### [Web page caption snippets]
((
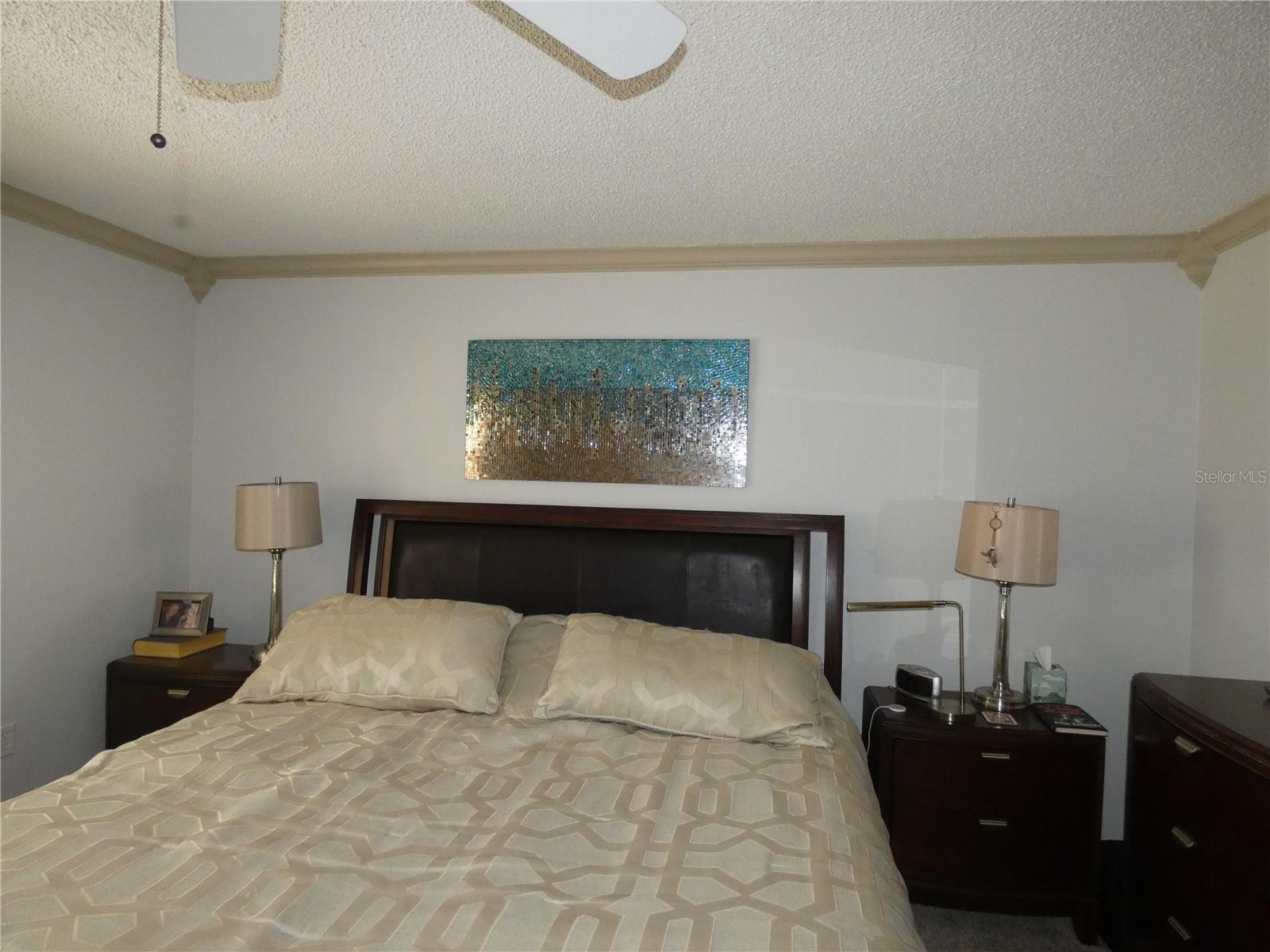 PINE TREE VILLAGE - Residential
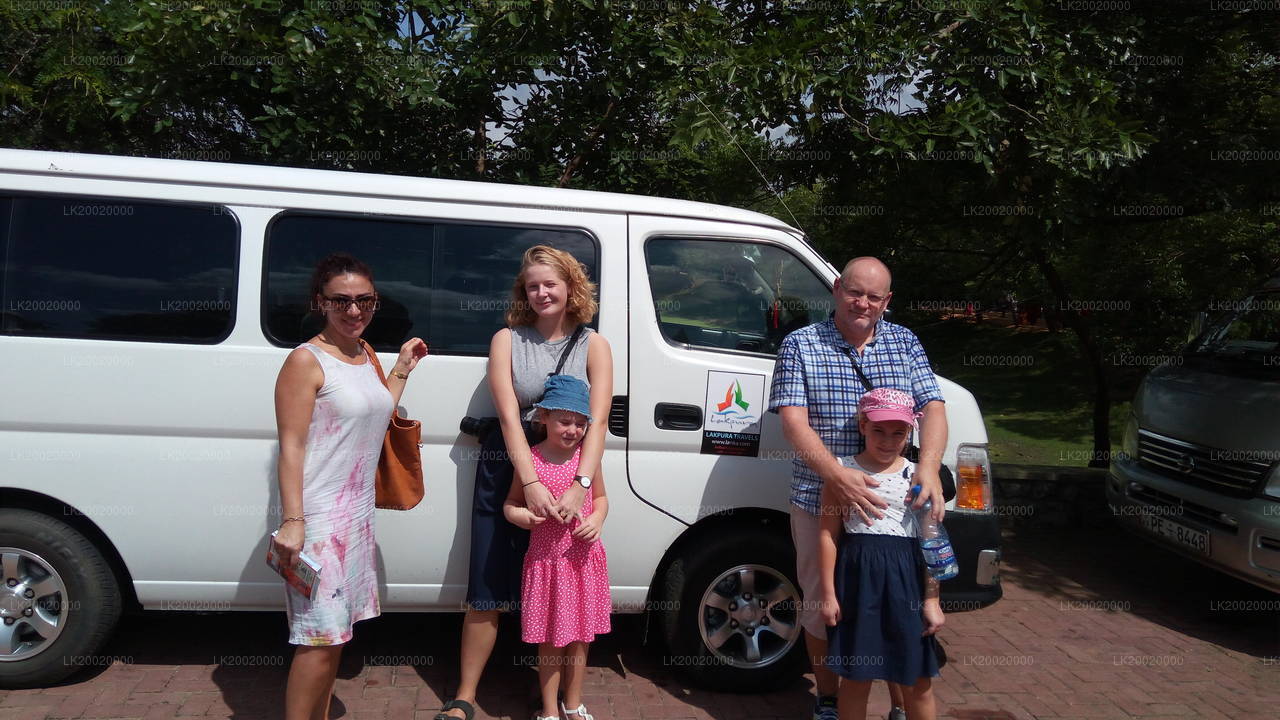 Chauffeur Driven Standard Van Rental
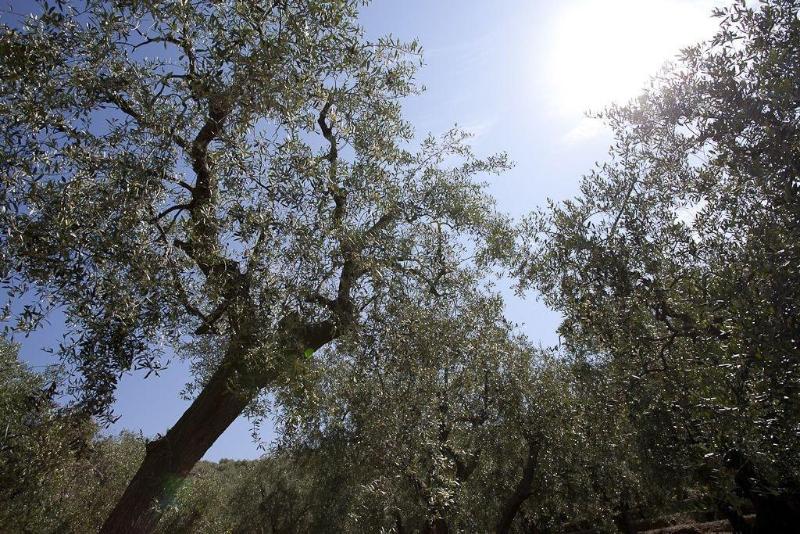 Il Mirto Bed and Breakfast - Genel
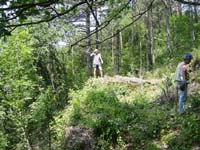 140 Topo Chateau de Contrast 05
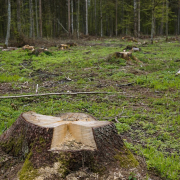 stump-trunk-cut-down-a-tree-stockpack-pixabay.jpg stump, trunk, cut down a tree
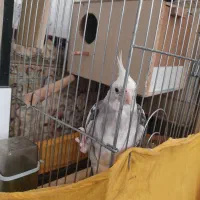 عروس هلندی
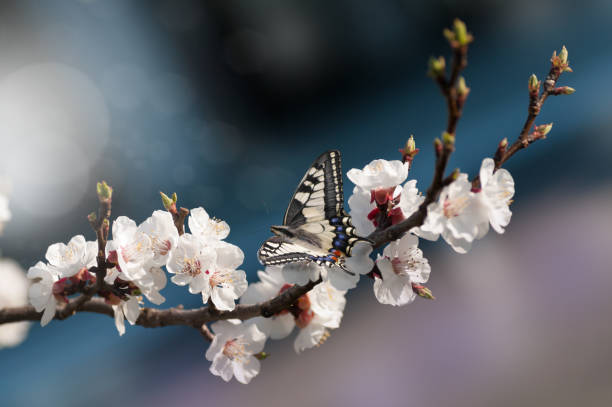 istock beautiful spring image. Cherry blossoms on a blue background. Butterfly on a flower. Free space for your text . 1143332477
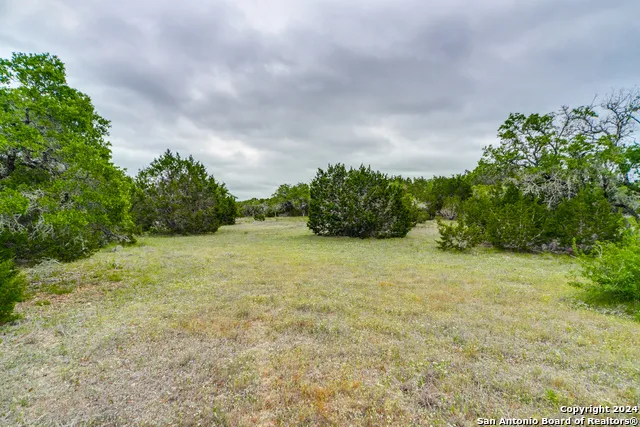 980 Scarlett Ridge Bulverde, TX 78163
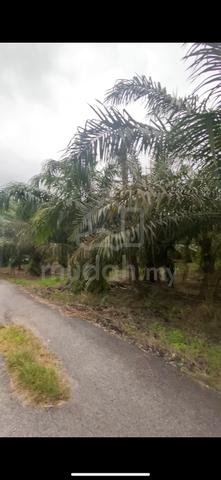 Tanah Sawit Tebuk Berihun Sabak Bernam 2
))
### [Brief]
Retype all the data exactly, please, without pictures.

### [Written solution]
 PINE TREE VILLAGE - Residential
 Chauffeur Driven Standard Van Rental
 Il Mirto Bed and Breakfast - Genel
 140 Topo Chateau de Contrast 05
 stump-trunk-cut-down-a-tree-stockpack-pixabay.jpg stump, trunk, cut down a tree
 عروس هلندی
 istock beautiful spring image. Cherry blossoms on a blue background. Butterfly on a flower. Free space for your text . 1143332477
 980 Scarlett Ridge Bulverde, TX 78163
 Tanah Sawit Tebuk Berihun Sabak Bernam 2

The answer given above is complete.